Im suffering from really bad depression due to my cheating ex,
we met 13 years ago, thought everything was perfect so many years down the line i found out that he had got married to someone while he was me & had a daughter, totally broke my heart but he said they wasnt together anymore & the realationship continued, I fell pregnant & thought everything was perfect How wrong I was, i never met his family got invited to gatherings which I found strange, phone would go off for days wouldn't see him for weeks on end always arguing over silly things,
Then I had 2nd baby thought things would change again but they didnt only got worse I was left holding the babys no help no support, since the split I have found out that he was flitting back & fourth between me & the wife & also sleeping with other women aswell as trying it on with my sister & best friend, I have suffered years of physical & mental abuse & now im at my wits end,
We was on & off over the years but last year was the final straw when his sister got married me & my children were not invited he was there with his wife telling her he loved her all nite then at the end of the night he went home with his sisters next door neighbour & had a 1 night night stand which has now resulted in them having a baby them moving into together & him taking my children.

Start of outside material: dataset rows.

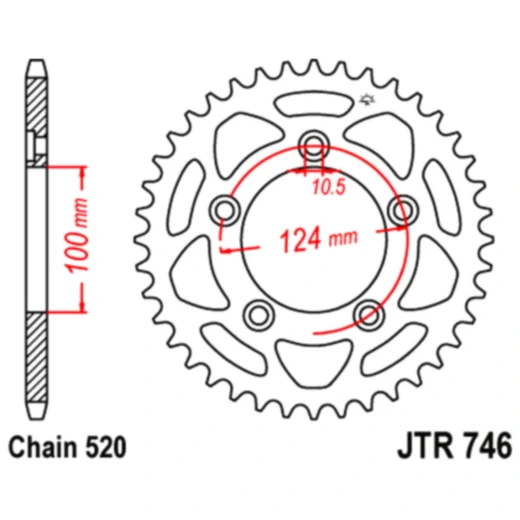 Kettenrad 46Z Teilung 520 Innendurchmesser 100 Lochkreis 124 passend für: Ducati Scrambler, Monster, Panigale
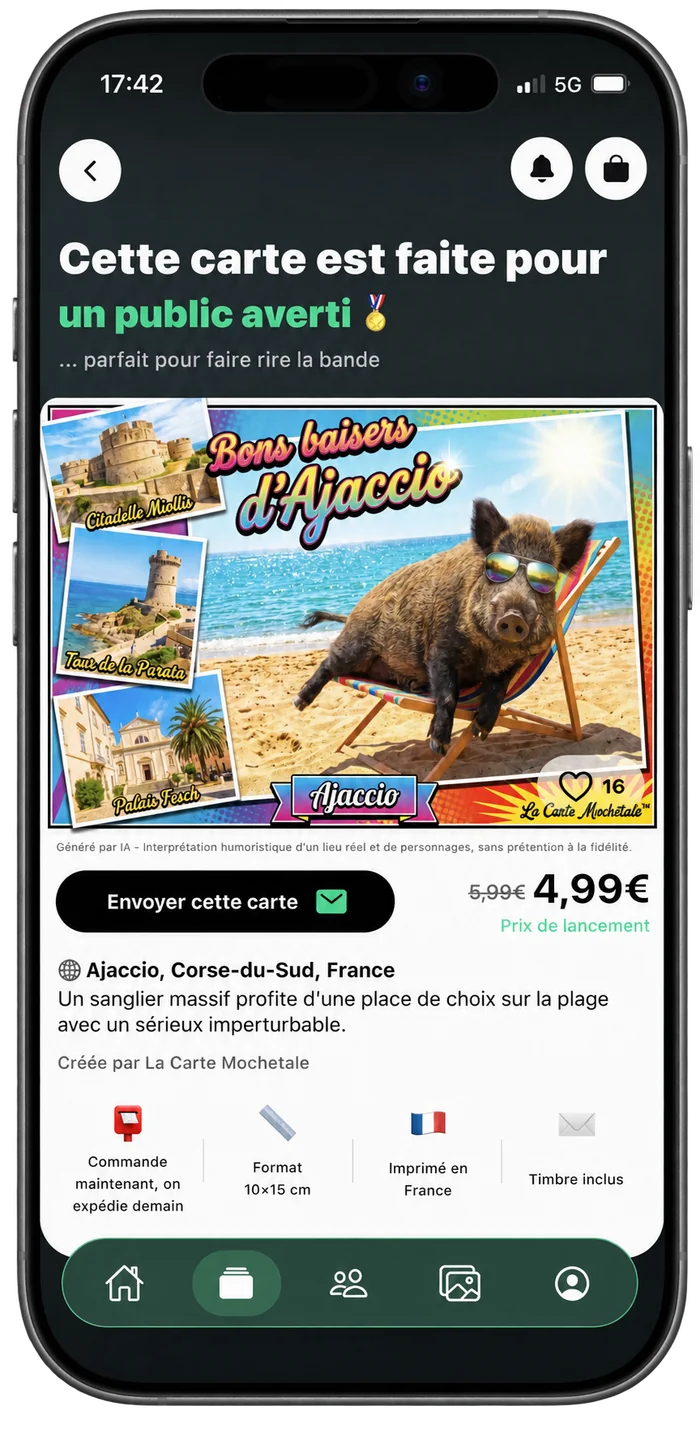 La Carte Mochetale sur iPhone : carte « Bons baisers d’Ajaccio », prête à envoyer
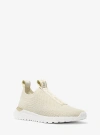 Michael Kors Bodie Metallic Knit Slip-on Sneaker In Gold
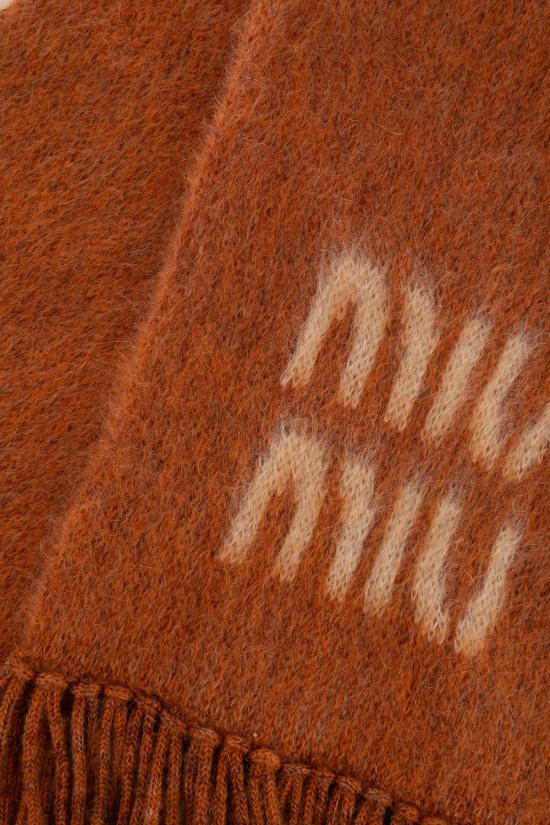 25FW 미우미우 울&모헤어 로고 머플러 5FS0622CQD F0033 Ruggine - MIU MIU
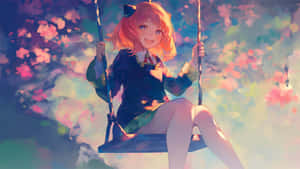 Cute Pastel Spring Swing Wallpaper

This happened in March & since then my world has fell apart I am a wreck dont stop crying im getting into trouble with police when ive had a drink cant get out of bed cant leave the house.
Im struggling alone as I have no family or friends around for support.
Im on anti depressants that dont seem to be helping I think that I have something wrong with me but dont seem to be getting taken seriously by the doctor. I have looked up signs for bi polar & have a lot of the signs but how do I get doc to help me.